Sipos recently moved to Maryland from Ontario, Canada. Clergy and members of St. Marks Episcopal Church, Lappans, and St. Andrews Episcopal Church, Clear Spring, have been invited to join in the celebration.
Ascension Day recalls the end of Christs appearances to his disciples after his resurrection, and his return to heaven. Tonights service will be preceded by a potluck supper at 6:30 p.m. The public is invited.
Friday is field day at Hancock Elementary School. Opening ceremonies will begin promptly at 8 a.m., and students in grades three through five will participate in activities from 8:35 to 10:45 a.m. Those in prekindergarten through grade two will hold their events from 11:25 a.m. to 1:55 p.m.
Parents are reminded that each child should bring a change of clothes, hats and sunglasses. Sunscreen should be applied to children before their arrival at school.

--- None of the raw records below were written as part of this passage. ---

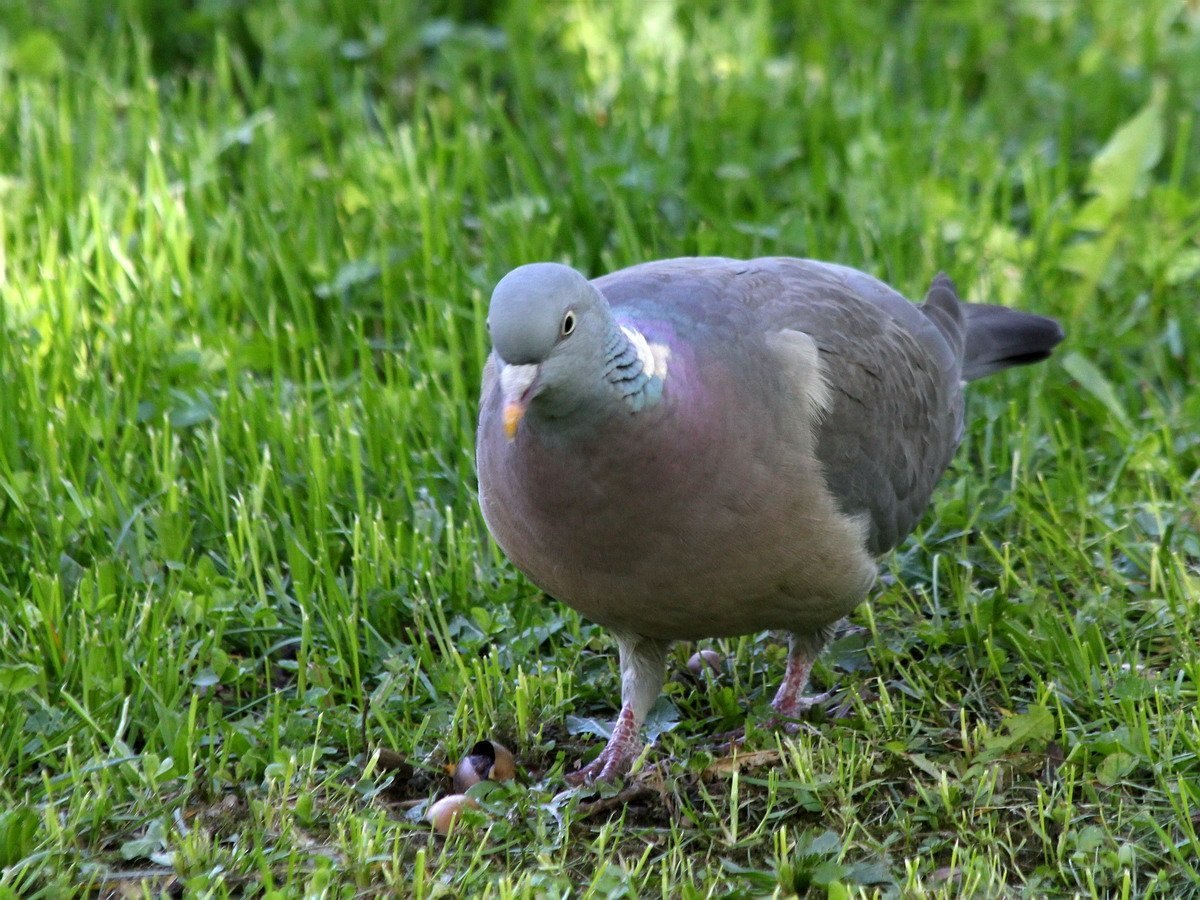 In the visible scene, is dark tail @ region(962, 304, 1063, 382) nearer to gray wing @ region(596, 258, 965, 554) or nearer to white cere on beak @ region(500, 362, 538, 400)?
gray wing @ region(596, 258, 965, 554)

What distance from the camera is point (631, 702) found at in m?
3.24

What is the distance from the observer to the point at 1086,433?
4.19 metres

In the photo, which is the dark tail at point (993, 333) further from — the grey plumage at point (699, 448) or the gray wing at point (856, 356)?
the grey plumage at point (699, 448)

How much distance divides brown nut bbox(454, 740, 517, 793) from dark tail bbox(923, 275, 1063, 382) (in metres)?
1.58

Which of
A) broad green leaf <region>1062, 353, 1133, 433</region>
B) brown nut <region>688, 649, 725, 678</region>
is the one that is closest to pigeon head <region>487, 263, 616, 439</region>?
brown nut <region>688, 649, 725, 678</region>

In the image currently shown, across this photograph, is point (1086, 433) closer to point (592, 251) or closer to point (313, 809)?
point (592, 251)

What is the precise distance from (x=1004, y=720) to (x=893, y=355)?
818 mm

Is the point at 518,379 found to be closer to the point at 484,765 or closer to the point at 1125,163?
the point at 484,765

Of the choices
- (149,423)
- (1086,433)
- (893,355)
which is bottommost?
(1086,433)

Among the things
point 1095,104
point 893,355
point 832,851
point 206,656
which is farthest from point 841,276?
point 1095,104

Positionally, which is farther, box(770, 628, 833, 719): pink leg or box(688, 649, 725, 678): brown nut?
box(688, 649, 725, 678): brown nut

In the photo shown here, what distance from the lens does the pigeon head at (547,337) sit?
2422 millimetres

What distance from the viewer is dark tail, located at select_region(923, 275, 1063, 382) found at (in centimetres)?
387

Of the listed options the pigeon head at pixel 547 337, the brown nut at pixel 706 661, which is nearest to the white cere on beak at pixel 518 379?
the pigeon head at pixel 547 337
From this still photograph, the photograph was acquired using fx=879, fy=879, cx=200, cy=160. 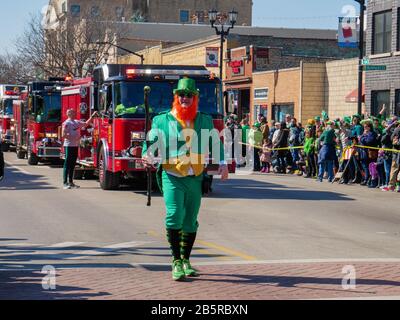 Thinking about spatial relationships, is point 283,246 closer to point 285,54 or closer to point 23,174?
point 23,174

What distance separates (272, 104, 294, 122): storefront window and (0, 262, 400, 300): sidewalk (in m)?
33.6

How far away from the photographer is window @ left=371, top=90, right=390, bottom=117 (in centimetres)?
3625

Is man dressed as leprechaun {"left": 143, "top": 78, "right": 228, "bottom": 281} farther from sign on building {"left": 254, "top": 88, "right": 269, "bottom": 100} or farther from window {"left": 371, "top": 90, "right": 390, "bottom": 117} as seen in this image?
sign on building {"left": 254, "top": 88, "right": 269, "bottom": 100}

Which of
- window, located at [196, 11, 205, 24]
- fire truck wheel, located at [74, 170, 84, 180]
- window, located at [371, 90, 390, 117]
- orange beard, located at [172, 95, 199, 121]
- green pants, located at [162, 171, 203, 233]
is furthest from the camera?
window, located at [196, 11, 205, 24]

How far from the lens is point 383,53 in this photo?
36281mm

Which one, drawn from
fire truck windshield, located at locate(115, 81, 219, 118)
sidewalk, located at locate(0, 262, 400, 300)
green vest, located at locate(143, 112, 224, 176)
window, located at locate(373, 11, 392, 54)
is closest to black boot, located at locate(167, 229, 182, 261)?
sidewalk, located at locate(0, 262, 400, 300)

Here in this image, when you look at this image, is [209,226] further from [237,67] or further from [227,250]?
[237,67]

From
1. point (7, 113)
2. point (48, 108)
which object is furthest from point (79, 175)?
point (7, 113)

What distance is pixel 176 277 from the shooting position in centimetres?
922

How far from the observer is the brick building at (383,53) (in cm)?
3525

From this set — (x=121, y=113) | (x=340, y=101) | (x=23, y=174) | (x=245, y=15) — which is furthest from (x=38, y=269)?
(x=245, y=15)

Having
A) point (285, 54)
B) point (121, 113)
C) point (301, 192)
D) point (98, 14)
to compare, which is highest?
point (98, 14)

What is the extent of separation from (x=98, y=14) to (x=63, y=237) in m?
62.2

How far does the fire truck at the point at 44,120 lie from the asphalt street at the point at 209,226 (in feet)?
25.4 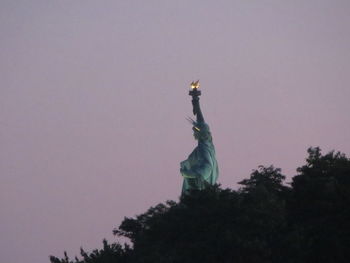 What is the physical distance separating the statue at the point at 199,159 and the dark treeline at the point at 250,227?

In case of rain, the field day will be observed Tuesday, May 30, on the same schedule.
A cookout to benefit the mission team of Hancock United Methodist Church is Saturday in the vacant lot across from the C&O Bicycle Shop, 9 S. Pennsylvania Ave. Grilled chicken, hot dogs, burgers and fresh-cut fries will be served from 11 a.m. to 2 p.m. for donations.
Summer Reading Club T-shirts go on sale Thursday, June 1, at the Hancock branch of Washington County Free Library, 220 Park Road, within Hancocks Widmeyer Park. The shirts are available in youth and adult sizes, and cost $6 each.
The age groups for the club are preschool through age 10; 11 to 17; and adults. Once registered, you can log your reading online and be entered in raffles for numerous prizes.
To obtain a shirt and sign up for the club, stop by the library or call 301-678-5300.
Registration is open for Adventures in Friendship, summer day camp jointly sponsored by the Interfaith Service Coalition and St. Thomas Episcopal Church. The camp, for Tri-State area youth ages 8 to 13, marks its 21st year this June. The camp will run from 8:30 a.m. to 3:30 p.m. Monday, June 26, to Friday, June 30, in the parish hall of St. Thomas, at Church and High streets.
The camp features guests who make presentations on topics such as nutrition, cooking, health and substance-abuse prevention. Campers receive CPR and first-aid instruction, and field trips are taken. Breakfast and lunch are served daily.
Adventures can accommodate up to 40 young people. Thanks to funding from grants and donations, there is no charge for the camp. To register your child, call the ISC at 301-678-6605 or the church at 301-678-6569.
Registration remains open for vendors, crafters, businesses and community groups to be part of the Kick Off Summer Festival on Saturday, June 10. The festival, planned by Hancock in Motion, is from 9 a.m. to 5 p.m. at Widmeyer Park in Hancock.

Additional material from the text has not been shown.